Options for the bonding driver are supplied as parameters to the bonding module at load time, or are specified via sysfs.

Module options may be given as command line arguments to the insmod or modprobe command, but are usually specified in either the /etc/modules.conf or /etc/modprobe.conf configuration file, or in a distro-specific configuration file (some of which are detailed in the next section).

Details on bonding support for sysfs is provided in the “Configuring Bonding Manually via Sysfs” section, below.

The available bonding driver parameters are listed below. If a parameter is not specified the default value is used. When initially configuring a bond, it is recommended “tail -f /var/log/messages” be run in a separate window to watch for bonding driver error messages.

It is critical that either the miimon or arp_interval and arp_ip_target parameters be specified, otherwise serious network degradation will occur during link failures. Very few devices do not support at least miimon, so there is really no reason not to use it.

Options with textual values will accept either the text name or, for backwards compatibility, the option value. E.g., “mode=802.3ad” and “mode=4” set the same mode.

Linux Bonding Options:

arp_interval

Specifies the ARP link monitoring frequency in milliseconds.

The ARP monitor works by periodically checking the slave devices to determine whether they have sent or received traffic recently (the precise criteria depends upon the bonding mode, and the state of the slave). Regular traffic is generated via ARP probes issued for the addresses specified by the arp_ip_target option.

This behavior can be modified by the arp_validate option, below.

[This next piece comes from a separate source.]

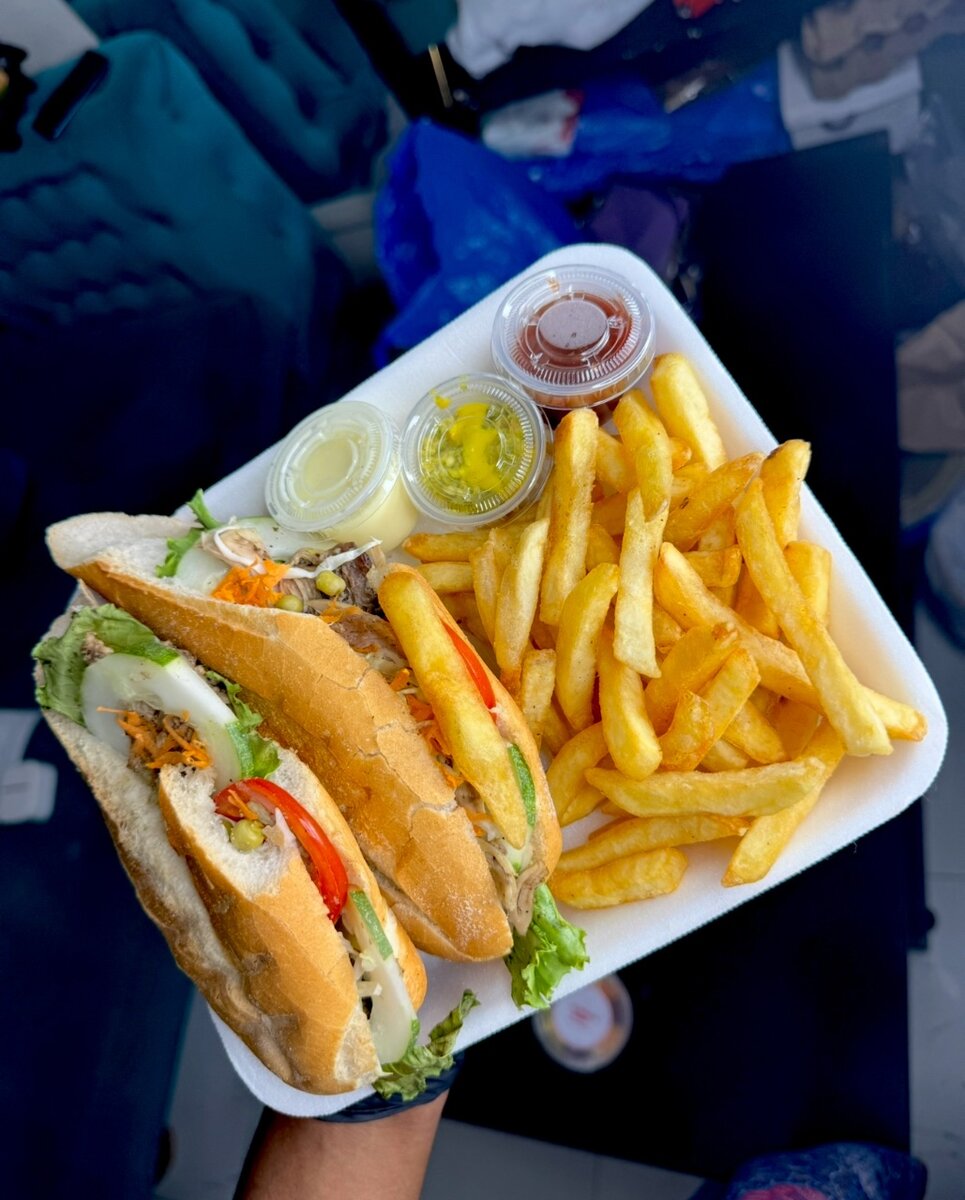2 Sandwichs Mixte  avec frites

If ARP monitoring is used in an etherchannel compatible mode (modes 0 and 2), the switch should be configured in a mode that evenly distributes packets across all links. If the
switch is configured to distribute the packets in an XOR fashion, all replies from the ARP targets will be received on the same link which could cause the other team members to
fail. ARP monitoring should not be used in conjunction with miimon. A value of 0 disables ARP monitoring. The default value is 0.

arp_ip_target

Specifies the IP addresses to use as ARP monitoring peers when arp_interval is > 0. These are the targets of the ARP request sent to determine the health of the link to the targets.
Specify these values in ddd.ddd.ddd.ddd format. Multiple IP addresses must be separated by a comma. At least one IP address must be given for ARP monitoring to function. The
maximum number of targets that can be specified is 16. The default value is no IP addresses.

arp_validate

Specifies whether or not ARP probes and replies should be validated in the active-backup mode. This causes the ARP monitor to examine the incoming ARP requests and replies, and only consider a slave to be up if it is receiving the appropriate ARP traffic.

Possible values are:

none or 0

No validation is performed. This is the default.

active or 1

Validation is performed only for the active slave.

backup or 2

Validation is performed only for backup slaves.

all or 3

Validation is performed for all slaves.

For the active slave, the validation checks ARP replies to confirm that they were generated by an arp_ip_target. Since backup slaves do not typically receive these replies, the validation performed for backup slaves is on the ARP request sent out via the active slave. It is possible that some switch or network configurations may result in situations
wherein the backup slaves do not receive the ARP requests; in such a situation, validation of backup slaves must be disabled.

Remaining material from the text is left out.